La prima testimonianza di un archivio della Cattedrale risale al 3 dicembre 729, ma l'istituzione del Capitolo Canonicale avvenne solo a metà del IX secolo, sotto il vescovo Adalgiso e pertanto è unicamente a partire da questo momento storico che possiamo parlare di "Archivio Capitolare". Aveva sede nei locali della Canonica annessa alla Cattedrale. Solo alla fine del sec. XV furono realizzati locali appositi per custodirlo nella manica ovest della Canonica.
Inizialmente i documenti erano  divisi secondo varie voci di carattere patrimoniale e amministrativo e il riordino conobbe vari interventi Si conosce in particolare quello del 1504, e quello degli inizi del sec. XVIII. Sarebbe poi stato il canonico Carlo Francesco Frasconi (1754-1836), erudito, paleografo e storico, a conferire l'assetto attuale all'Archivio, mutandone completamente l'impianto originario. L'intervento del Frasconi non obbediva solo a criteri eruditi, ma giuridico-amministrativi, per difendere le prerogative del Capitolo della Cattedrale nei confronti del Capitolo di S. Gaudenzio. Il canonico fece anche costruire alcuni armadi e un medagliere, incassati nel muro, funzionali per accogliere i materiali. Nel vano tra la loggetta e l'archivio, aveva sede la così detta librarìa, vera e propria biblioteca dei canonici, poi divenuta Sala dei Paramenti del Capitolo di Santa Maria, che conteneva codici collocabili in un periodo compreso tra IX e XV secolo e, nella parte iniziale, ospitava l'archivio della Cappella musicale.

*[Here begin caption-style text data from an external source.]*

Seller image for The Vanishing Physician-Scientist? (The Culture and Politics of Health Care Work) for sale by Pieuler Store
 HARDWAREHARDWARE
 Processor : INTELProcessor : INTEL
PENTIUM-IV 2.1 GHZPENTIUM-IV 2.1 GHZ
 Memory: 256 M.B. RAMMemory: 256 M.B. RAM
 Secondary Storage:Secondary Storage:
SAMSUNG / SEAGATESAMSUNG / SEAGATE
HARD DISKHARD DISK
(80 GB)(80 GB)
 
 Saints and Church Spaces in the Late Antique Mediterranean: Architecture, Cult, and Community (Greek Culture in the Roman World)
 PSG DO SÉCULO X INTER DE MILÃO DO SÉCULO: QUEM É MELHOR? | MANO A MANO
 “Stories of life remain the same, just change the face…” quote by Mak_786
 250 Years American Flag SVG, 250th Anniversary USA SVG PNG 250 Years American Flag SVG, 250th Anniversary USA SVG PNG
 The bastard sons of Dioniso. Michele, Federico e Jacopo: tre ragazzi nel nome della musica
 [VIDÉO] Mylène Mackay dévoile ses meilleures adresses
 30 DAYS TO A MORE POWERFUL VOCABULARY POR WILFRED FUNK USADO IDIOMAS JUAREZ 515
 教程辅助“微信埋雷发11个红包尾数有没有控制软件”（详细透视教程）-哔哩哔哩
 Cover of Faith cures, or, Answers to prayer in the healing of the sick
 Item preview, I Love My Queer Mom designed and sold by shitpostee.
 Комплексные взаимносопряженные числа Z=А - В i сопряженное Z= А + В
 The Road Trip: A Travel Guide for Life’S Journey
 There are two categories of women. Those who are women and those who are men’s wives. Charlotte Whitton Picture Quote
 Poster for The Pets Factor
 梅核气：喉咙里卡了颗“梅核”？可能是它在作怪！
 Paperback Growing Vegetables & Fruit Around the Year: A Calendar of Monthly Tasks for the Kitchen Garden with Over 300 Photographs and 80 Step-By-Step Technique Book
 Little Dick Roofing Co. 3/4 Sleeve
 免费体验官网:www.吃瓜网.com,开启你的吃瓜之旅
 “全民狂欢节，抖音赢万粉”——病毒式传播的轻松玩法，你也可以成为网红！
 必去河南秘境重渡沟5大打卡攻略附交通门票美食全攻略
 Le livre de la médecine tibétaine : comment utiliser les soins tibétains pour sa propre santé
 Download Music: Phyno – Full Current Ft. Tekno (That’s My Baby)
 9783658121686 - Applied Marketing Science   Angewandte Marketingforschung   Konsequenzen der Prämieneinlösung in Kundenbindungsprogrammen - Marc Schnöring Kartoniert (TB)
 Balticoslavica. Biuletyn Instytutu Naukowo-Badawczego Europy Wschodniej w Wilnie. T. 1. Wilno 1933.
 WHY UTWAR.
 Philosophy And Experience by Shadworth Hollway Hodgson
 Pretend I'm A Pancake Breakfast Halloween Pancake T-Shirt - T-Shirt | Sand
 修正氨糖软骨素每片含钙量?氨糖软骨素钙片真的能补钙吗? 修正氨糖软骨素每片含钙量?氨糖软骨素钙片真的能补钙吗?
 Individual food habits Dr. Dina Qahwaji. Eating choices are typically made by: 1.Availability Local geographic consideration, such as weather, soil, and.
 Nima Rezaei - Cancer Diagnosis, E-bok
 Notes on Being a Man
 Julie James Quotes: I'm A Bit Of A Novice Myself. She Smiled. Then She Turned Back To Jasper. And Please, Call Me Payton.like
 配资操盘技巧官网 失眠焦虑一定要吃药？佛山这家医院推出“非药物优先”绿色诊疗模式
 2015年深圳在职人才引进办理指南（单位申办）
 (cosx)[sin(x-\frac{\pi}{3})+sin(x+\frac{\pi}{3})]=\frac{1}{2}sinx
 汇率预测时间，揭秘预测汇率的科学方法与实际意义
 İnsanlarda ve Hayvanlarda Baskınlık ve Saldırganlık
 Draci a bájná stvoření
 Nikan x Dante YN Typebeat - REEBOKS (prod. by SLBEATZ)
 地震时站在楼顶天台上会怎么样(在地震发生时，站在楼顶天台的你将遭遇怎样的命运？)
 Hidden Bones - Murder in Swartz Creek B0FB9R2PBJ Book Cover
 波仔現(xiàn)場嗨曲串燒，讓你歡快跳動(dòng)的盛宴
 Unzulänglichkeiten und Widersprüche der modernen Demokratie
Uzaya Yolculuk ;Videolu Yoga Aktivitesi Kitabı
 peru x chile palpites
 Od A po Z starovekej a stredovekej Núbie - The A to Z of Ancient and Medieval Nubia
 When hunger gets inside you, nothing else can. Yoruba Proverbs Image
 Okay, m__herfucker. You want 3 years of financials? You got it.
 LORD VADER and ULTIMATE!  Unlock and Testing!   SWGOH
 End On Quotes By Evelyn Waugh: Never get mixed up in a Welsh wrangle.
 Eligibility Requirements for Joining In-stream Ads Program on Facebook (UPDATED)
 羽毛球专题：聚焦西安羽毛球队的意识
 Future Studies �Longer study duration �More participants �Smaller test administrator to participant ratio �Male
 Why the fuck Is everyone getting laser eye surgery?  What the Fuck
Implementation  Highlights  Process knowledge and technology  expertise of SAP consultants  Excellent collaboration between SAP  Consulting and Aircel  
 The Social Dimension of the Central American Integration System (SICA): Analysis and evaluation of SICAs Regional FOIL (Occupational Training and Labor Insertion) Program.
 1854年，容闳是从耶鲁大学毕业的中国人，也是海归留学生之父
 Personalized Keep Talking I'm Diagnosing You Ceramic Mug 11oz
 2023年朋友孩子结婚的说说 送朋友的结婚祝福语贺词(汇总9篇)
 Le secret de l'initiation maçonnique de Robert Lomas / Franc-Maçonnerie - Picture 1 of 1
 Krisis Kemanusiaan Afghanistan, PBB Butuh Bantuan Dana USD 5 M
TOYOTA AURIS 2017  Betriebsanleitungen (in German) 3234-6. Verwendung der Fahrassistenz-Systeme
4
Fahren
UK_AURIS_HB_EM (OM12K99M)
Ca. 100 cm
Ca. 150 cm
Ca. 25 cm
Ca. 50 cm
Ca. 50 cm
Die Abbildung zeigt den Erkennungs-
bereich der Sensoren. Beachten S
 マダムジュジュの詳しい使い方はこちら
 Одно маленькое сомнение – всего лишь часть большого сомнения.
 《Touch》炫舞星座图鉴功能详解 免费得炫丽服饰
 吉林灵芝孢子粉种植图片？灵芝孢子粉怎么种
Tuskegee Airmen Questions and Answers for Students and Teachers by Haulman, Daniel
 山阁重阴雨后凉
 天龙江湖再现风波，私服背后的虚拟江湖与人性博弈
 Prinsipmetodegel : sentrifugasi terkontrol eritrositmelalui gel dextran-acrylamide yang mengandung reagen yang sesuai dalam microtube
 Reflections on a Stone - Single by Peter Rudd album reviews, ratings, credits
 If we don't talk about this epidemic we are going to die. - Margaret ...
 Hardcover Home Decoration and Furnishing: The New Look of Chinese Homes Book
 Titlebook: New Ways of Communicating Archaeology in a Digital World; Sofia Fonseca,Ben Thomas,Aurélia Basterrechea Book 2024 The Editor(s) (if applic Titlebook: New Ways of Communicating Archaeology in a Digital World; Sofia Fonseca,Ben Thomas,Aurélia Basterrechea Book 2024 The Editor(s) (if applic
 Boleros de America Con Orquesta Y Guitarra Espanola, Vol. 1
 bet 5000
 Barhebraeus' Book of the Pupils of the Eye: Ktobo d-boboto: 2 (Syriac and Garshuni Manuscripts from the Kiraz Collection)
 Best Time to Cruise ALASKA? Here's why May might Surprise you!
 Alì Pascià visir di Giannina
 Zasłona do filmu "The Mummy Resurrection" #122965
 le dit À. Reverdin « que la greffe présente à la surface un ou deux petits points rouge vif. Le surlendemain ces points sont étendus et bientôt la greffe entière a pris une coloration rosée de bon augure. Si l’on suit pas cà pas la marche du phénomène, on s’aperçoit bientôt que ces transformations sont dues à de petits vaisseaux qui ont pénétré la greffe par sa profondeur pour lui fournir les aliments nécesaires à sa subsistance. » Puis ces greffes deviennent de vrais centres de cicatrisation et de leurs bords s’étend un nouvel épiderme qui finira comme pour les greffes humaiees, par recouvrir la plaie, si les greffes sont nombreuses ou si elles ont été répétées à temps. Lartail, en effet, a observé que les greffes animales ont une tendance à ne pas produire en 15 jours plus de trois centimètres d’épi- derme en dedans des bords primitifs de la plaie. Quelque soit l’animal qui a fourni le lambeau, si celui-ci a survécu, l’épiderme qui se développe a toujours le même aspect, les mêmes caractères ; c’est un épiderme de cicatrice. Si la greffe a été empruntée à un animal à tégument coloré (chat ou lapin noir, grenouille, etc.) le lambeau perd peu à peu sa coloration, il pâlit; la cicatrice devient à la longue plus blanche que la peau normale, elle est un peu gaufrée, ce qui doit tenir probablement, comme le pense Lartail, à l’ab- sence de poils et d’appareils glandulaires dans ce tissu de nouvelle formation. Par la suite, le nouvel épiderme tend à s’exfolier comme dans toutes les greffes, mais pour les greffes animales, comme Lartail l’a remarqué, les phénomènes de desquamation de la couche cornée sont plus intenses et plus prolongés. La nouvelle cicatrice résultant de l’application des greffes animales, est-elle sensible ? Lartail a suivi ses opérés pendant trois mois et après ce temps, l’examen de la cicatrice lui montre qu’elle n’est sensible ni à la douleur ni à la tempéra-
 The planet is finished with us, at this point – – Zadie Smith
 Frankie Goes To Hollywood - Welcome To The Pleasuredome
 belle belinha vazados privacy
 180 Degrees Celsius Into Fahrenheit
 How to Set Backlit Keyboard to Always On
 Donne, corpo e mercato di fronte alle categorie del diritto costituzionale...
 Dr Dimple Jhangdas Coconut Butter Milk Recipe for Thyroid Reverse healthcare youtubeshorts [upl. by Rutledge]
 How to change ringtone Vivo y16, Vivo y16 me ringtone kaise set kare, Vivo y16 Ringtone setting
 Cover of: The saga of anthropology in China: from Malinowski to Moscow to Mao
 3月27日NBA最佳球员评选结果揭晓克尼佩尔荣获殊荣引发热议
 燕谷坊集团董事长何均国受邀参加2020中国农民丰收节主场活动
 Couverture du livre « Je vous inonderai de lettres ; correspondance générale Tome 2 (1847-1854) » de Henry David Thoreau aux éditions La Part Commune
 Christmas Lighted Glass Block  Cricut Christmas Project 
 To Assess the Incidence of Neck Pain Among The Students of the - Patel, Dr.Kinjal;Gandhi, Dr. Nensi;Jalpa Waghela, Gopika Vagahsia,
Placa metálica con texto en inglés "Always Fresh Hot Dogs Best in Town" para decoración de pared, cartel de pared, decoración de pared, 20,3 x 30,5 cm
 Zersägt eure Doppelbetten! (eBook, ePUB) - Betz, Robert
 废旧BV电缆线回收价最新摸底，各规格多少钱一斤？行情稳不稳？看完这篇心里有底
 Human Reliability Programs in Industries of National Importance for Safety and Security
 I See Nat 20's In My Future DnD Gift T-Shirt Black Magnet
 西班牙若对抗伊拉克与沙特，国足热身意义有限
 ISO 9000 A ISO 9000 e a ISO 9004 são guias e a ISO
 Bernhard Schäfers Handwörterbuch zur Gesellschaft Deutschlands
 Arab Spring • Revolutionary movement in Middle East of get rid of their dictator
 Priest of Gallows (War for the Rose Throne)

Sembra che l'Archivio Capitolare sia funzionato in stretta relazione con una Scuola Capitolare almeno dall'VIII secolo. Notizie certe, tuttavia, si hanno solo dal XII secolo, periodo in cui risulta che ben 18 canonici disponevano del titolo di magistri. Sembra che qui fosse garantita una preparazione di un certo livello, che comprendeva le sette arti liberali del trivium[1], e del quadrivium[2]. Pare che ad esse si aggiungesse anche lo studio della filosofia, della teologia e del diritto civile e canonico. In questa scuola sembra abbia studiato un illustre personaggio, il teologo Pier Lombardo, nato forse a Lumellogno intorno al 1100 e noto per essere stato nominato prima "Maestro delle Scienze" e poi vescovo a Parigi, dove morì intorno al 1160. La sua permanenza novarese era testimoniata da un affresco del pittore Giovanni Antonio Merli, dipinto nel 1488, che raffigurava Pier Lombardo assiso in cattedra attorniato dai suoi allievi e alcuni stimati personaggi, visti come exempla della città di Novara, in un rapporto di fratellanza con il soggetto principale: Caio Albucio Silone, Alessandro di Hales, Pietro Comestor e Graziano. Oggi questo affresco non è più visibile, ma il canonico Carlo Francesco Frasconi lo descrisse in modo dettagliato nella sua opera Novaresi Illustri, composta dopo il 1830.
Alla fine del XVI secolo, durante l'episcopato di Cesare Speciano, una permuta con i canonici consentì al vescovo di procedere a una ulteriore ristrutturazione dell'episcopio, ritenuto angusto e bisognoso di consolidamento. In virtù di questa permuta, al vescovo fu concesso innalzare, sopra gli edifici del lato occidentale, una parte del palazzo. In tale circostanza fu probabilmente tamponata la loggetta. La chiusura di quest'ultima si rese necessaria per separare l'archivio Capitolare dalla biblioteca. Il corpo occidentale, invece, venne modificato a partire dal 1590, quando si stabilì di collocare in questo luogo la Sala Capitolare.

[1] Grammatica, retorica e dialettica.
[2] Aritmetica, musica, geometria, astronomia.